Satisfied, the lawyer then gives his bank instructions to wire the client’s “recovered” funds to the client’s foreign bank account.

The fraud is now complete. Another member of the criminal group immediately withdraws the funds from the foreign bank account.

In one fraud depicted in federal court documents, the scammers asked a lawyer in Carlisle, Pa., for help recovering about $300,000. They promised the lawyer $50,000 for his help. The scammers ultimately got away with $244,278 in funds that were wired to an account in South Korea, according to federal documents.

It took four days for the US bank to realize the original check was fraudulent, and little additional time to discover that there is no possibility of recovering the wired funds from the overseas account. Gone too was the lawyer’s generous fee since it was the proceeds of a forged check.
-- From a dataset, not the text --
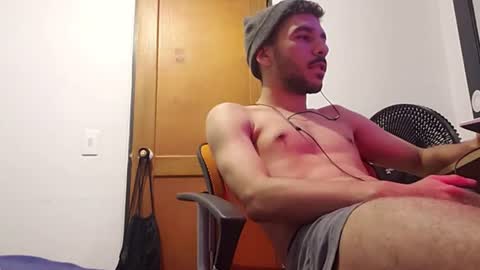 Snapshot of _sebas69 chatting on 06-11-26, 03:21 _sebas69 online show from 06-11-26, 03:21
It sounds so simple, so what lawyer worth his or her salt would be taken in by such a scam?

According to federal court documents, one group of Nigerian scammers raked in $29 million through 70 different law firm trust accounts in the US and Canada over a two-year period. Another estimate places the losses from the same group at $70 million.

There is also some good news. Three hundred other law firms detected the scam before the funds were wired overseas, thus preventing more than $100 million in losses, according to federal documents.

Last week, one of the alleged leaders of the Nigerian group, Emmanuel Ekhator, was sentenced to more than eight years in prison after pleading guilty for his role in the scam. He was also ordered to pay more than $11 million in restitution.

Several other members of the group are in custody and are awaiting extradition to the US. In all, federal investigators estimate the group may have included as many as 40 individuals.

As part of his guilty plea, Mr. Ekhator agreed to cooperate in the ongoing investigation.

At the time of his guilty plea in January, Ekhator wrote a two-page letter to the judge, seeking mercy and apologizing for his actions.

“I am very sorry and remorseful with respect of my involvement in this crime and I have no excuses whatsoever for my deeds,” he wrote.

Then, he sought to minimize his role in the conspiracy, claiming he was only a middleman who was promised a 10 percent fee and paid less than $200,000.

By the time of his sentencing last week, both Ekhator and his lawyer acknowledged that he played a leadership role and that he was responsible for losses estimated at between $7 million and $20 million.

The international investigation is being carried out by a task force including investigators with the US Postal Inspection Service, the Federal Bureau of Investigation, the US Secret Service, Toronto Police Services, the Royal Canadian Mounted Police, and the Nigerian Economic and Financial Crimes Commission.